I'd be leery of boom furlers. Many require someone to help the cars slide onto the track when hoisting, which really makes singlehanding difficult.
I personally wouldn't spend the whole 30k as there may be other things you'll find you need, after sailing for a while.


----------



## loxxSail2 (Jul 2, 2018)

capta said:


> Self-tacking winches and jib system? For what? Don't you want to do *any* of the sailing yourself?
> I'd certainly get a vane gear and a good windlass (plus Rocna anchor and chain to fit), but if you have a vane gear, an autopilot is more of a luxury, unless you plan on motoring more than sailing.
> We have a 10" chartplotter at the helm and it is really a great addition to simplify navigating, weather (with XM subscription weather), and gives lots of other information. On a 36 footer, a 5" or 6" chartplotter might be fine.
> I'd be leery of boom furlers. Many require someone to help the cars slide onto the track when hoisting, which really makes singlehanding difficult.
> I personally wouldn't spend the whole 30k as there may be other things you'll find you need, after sailing for a while.


Umm.. NO? Haha..

Kidding of course.. 

The point of this was to see what might be most important/have the most value over things are just nice-to-have's but are kind of wasteful.

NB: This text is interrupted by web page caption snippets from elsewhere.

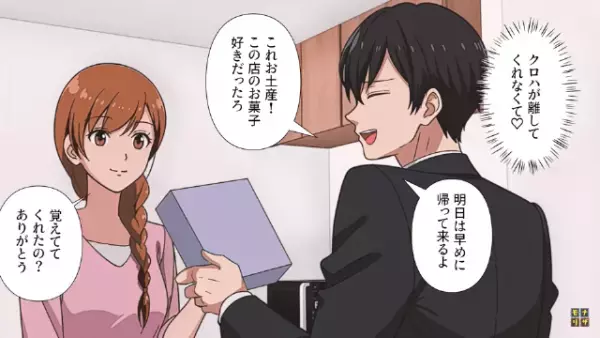 「全然物足りない…！」スリルを求め浮気する男だが⇒次の瞬間「なんで…！？」”最大のスリル”が！？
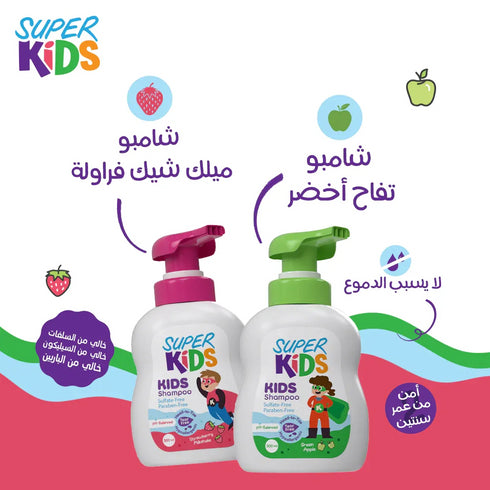 Super Kids Apple Scented Shampoo for Kids 300 ml - Super kids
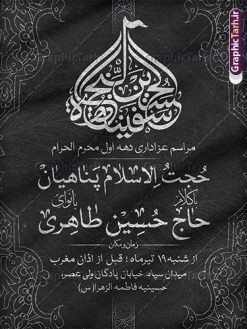 طرح بنر اطلاعیه مراسم عزاداری دهه اول محرم | نمونه طرح خام اطلاع رسانی عزاداری دهه اول ماه محرم دانلود نمونه طرح لایه باز بنر psd اطلاع رسانی مراسم عزاداری ماه محرم و پوستر خام اطلاعیه روضه خوانی دهه اول طرح بنر اطلاعیه محرم با تصویر دوربری شده و با کیفیت تکسچر کاغذ کهنه قدیمی , پرچم مشکی محرم , خون و خوشنویسی ان الحسین مصباح الهدی و سفینة النجاة طراحی پوستر اطلاعیه مناسب برای اطلاع رسانی مراسم عزاداری در هیئت ها و ... میباشد. کادر مناسب جهت نام سخنران و مداح اهل بیت محرم نیز درنظر گرفته شده است. طرح بنر اطلاعیه مراسم عزاداری دهه اول محرم شما می توانید با خرید اشتراک نمونه طرح ماه محرم را بصورت رایگان دانلود کنید. ضمنا علاوه بر چاپ این طرح شما میتوانید در قالب استوری اینستاگرام و واتساپ بعنوان پوستر اطلاع رسانی ماه محرم استفاده نمایید پس زمینه اطلاعیه مراسم روضه خوانی محرم  مشکی و رنگبدی تصویر تیره مناسب غم و اندوه این ایام می باشد. فایل طرح اطلاعیه روضه محرم در ابعاد لارج 3 در 4 متر و با رزولوشن 72 مناسب نصب مراسم عزاداری ، از سایت گرافیک طرح قابل دانلود می باشد. جهت اطلاع از جدیدترین طرح های سایت و دانلود رایگان ، در کانال تلگرام عضو شوید. پوستر اطلاعیه ماه محرم مُحَرَّمُ الحَرام اولین ماه سال هجری قمری است. واقعه کربلا که منجر به شهادت امام حسین(ع) و یارانش شد در ماه محرم سال ۶۱ق اتفاق افتاد. شیعیان هر سال از ابتدای این ماه سوگواری می‌کنند. این ماه ، ماه حزن و اندوه و عزاداری شیعیان در شهادت حضرت امام حسین علیه السلام است. مجموعه طرح اطلاعیه ماه محرم توسط تیم گرافیک طرح جهت چاپ و استفاده در مراسم عزاداری این ماه طراحی و برای دانلود در دسترس قرار گرفته است. اعلامیه مراسم دهه اول محرم,بنر اطلاعیه سینه زنی محرم ,بنر اطلاعیه تعزیه خوانی و اطلاعیه محرم,طرح پوستر اطلاع رسانی ماه محرم سن محرم,طراحی سن محرم,دکور پشت مداح محرم,کتیبه پشت منبری محرم,بنر پشت منبری عزاداری محرم,دست سقا,پوستر شهادت امام حسین,طرح اطلاعیه روضه محرم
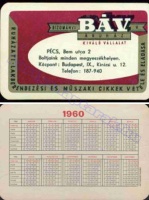 1960 0082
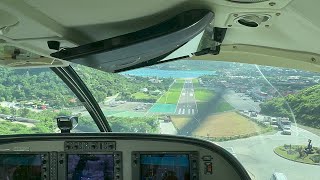 Landing and Touchdown Compilation. Onboard my flights 2023! by Cal’s Aviation 1,054 views 4 months ago 48 minutes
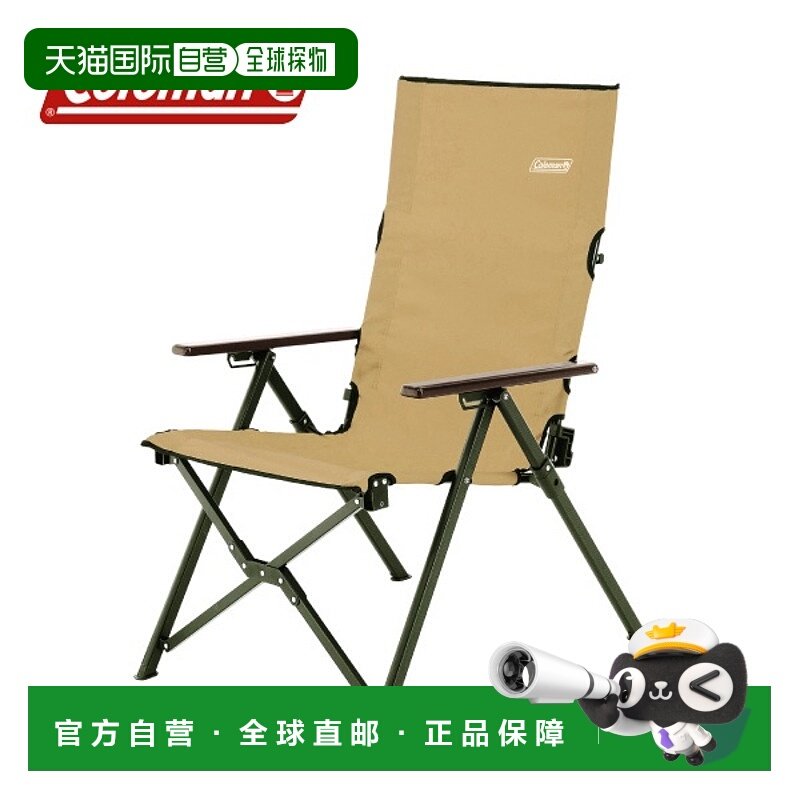 日本直邮Coleman Fireside Ray 椅子（土狼棕色）2000034677 露营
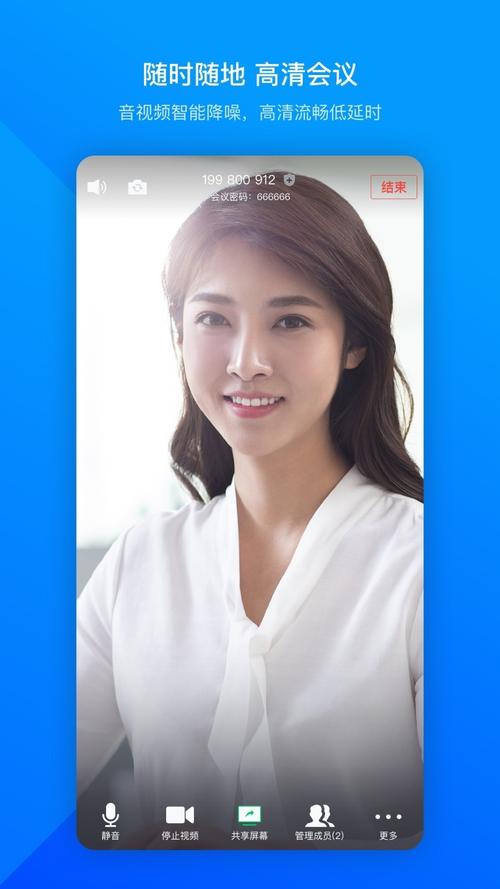 国产精品二卡视频手机版V9.8.8_国产精品二卡视频软件下载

I wouldn't spend the whole extra 30k on this particular boat, I would like to just put together an ideal list of things that if you've some extra to spend, here's where you'll get most bang for your buck.


----------



## SanderO (Jul 12, 2007)

lox,
We out here need to know what the present gear list consists of so we can suggest upgrades. Everyone will not agree of course.

without knowing what you have on board now my suggestions:

a robust below decks AP
a decent chart plotter which you can see from where you are when you are sailing. (if you use AP most of the time as many do, a plotter at the helm is only seen when manually steering.)
A reliable wind instrument
roller furling
self tailing primary winches
anchor windlass with chain (min 200')
a robust dry dink (large tubes) and a right size OB
a crane or some simple means to raise the motor from a dink
cockpit cushions
a dodger with forward window removable
sun control - bimini (tent can work at anchor)
large batts and some solar to keep the batts topped up
High output alternator with smart regulator
Electric monitor (12v system)
AIS B
RADAR


----------



## bigdogandy (Jun 21, 2008)

Lox - SanderO's list is spot on......my only suggestion is to make sure any problems discovered in the survey are discovered first before you worry about those kinds of upgrades.


----------



## SV Siren (Mar 8, 2013)

My take on this would be what is your intended use? Daysailing vs cruising..for example. A windvane would be great if you intend on long distance cruising, not really needed for an out for the afternoon jaunt. That said, a good autopilot, self tailing winches, roller furling headsail, lazy jacks(much cheaper than furling boom)..would be good starters. The other items would be based on intended use of your boat...I grew up without any fancy gadgets, and we faired just fine...as a daysailor.


----------



## Tanski (May 28, 2015)

None of it until you have used the boat for a while and fixed all the MAJOR problems, and yes I'm confident there are problems, it's a boat they all have something that needs to be fixed, always.


----------



## MikeOReilly (Apr 12, 2010)

What Tanski said.

Fix or upgrade what is needed. About the only thing I’d need from your list is some sort of self-steerer (I prefer a vane, but above-deck electric is probably cheaper), a windlass, and (not your list) a stout anchoring system. 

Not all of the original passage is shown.